### YOUR TASK
Set down the data below exactly; pictures stay out.

### GIVEN INFORMATION
=====

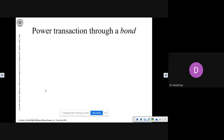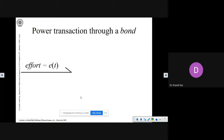Now, the power transaction through a bond — this is a power bond. It looks like a harpoon arrow and carries two pieces of information. Unlike a signal bond, which is just a single full arrow carrying information of only one variable, the power bond carries information of two variables. One variable is called effort, represented as E(t), and the other variable is called flow, represented as F(t). These two variables — effort and flow — are necessary whenever you represent a power transaction.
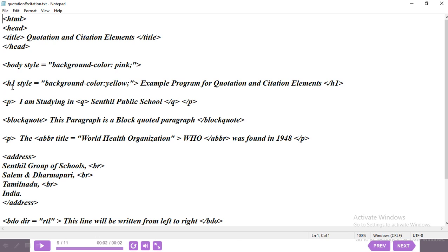Then I've given an h1 heading. In the style I've set background color as yellow — usually for headings we give font color, font size, font style, but here I've given a background color. The heading text is 'Example program for quotation and citation elements,' then close the heading tag. Then the paragraph tag opens. The first quotation element is Q. For example: 'I am studying in Sendhil Public School' — the school name should appear in double quotes, so I used the Q and slash Q tag around it.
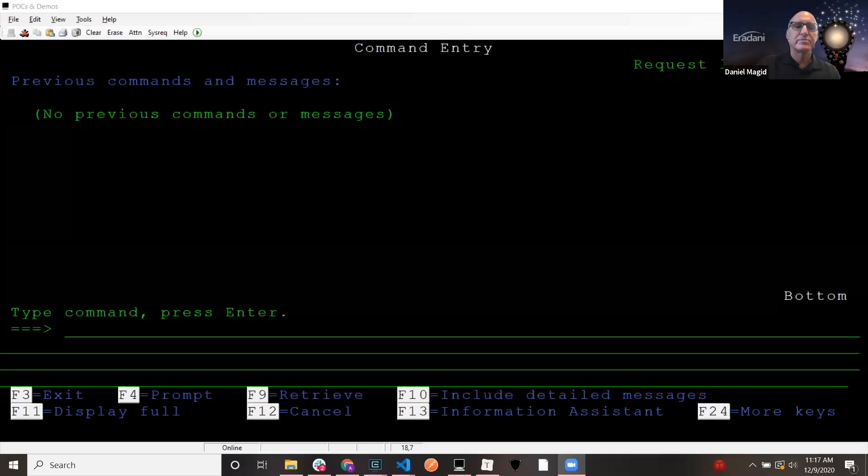All right. So let me hop in here and I'm going to share my screen. So the first thing that we're going to look at is a text messaging system.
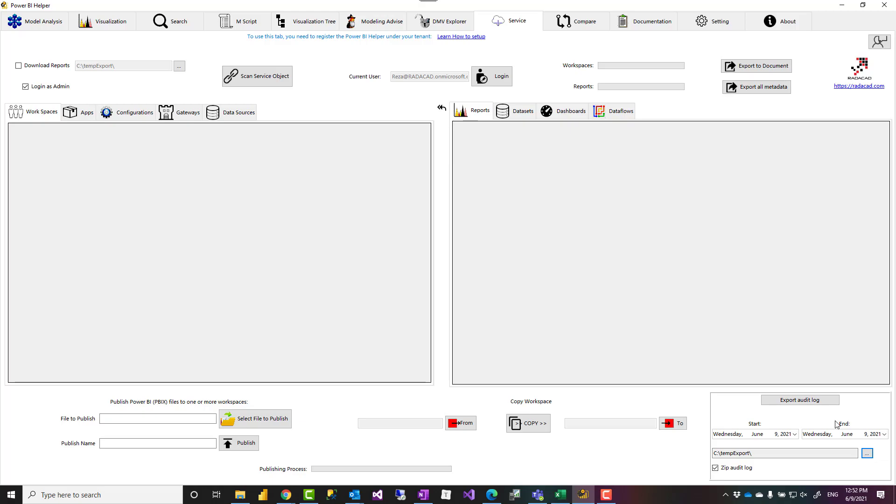Power BI helper can help in a lot of other things as well such as documentation, cleaning up your model, performance tuning. So go and check it out and let us know if you have any feedback.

=====

### RESULT OF THE TASK
Now, the power transaction through a bond — this is a power bond. It looks like a harpoon arrow and carries two pieces of information. Unlike a signal bond, which is just a single full arrow carrying information of only one variable, the power bond carries information of two variables. One variable is called effort, represented as E(t), and the other variable is called flow, represented as F(t). These two variables — effort and flow — are necessary whenever you represent a power transaction.
Then I've given an h1 heading. In the style I've set background color as yellow — usually for headings we give font color, font size, font style, but here I've given a background color. The heading text is 'Example program for quotation and citation elements,' then close the heading tag. Then the paragraph tag opens. The first quotation element is Q. For example: 'I am studying in Sendhil Public School' — the school name should appear in double quotes, so I used the Q and slash Q tag around it.
All right. So let me hop in here and I'm going to share my screen. So the first thing that we're going to look at is a text messaging system.
Power BI helper can help in a lot of other things as well such as documentation, cleaning up your model, performance tuning. So go and check it out and let us know if you have any feedback.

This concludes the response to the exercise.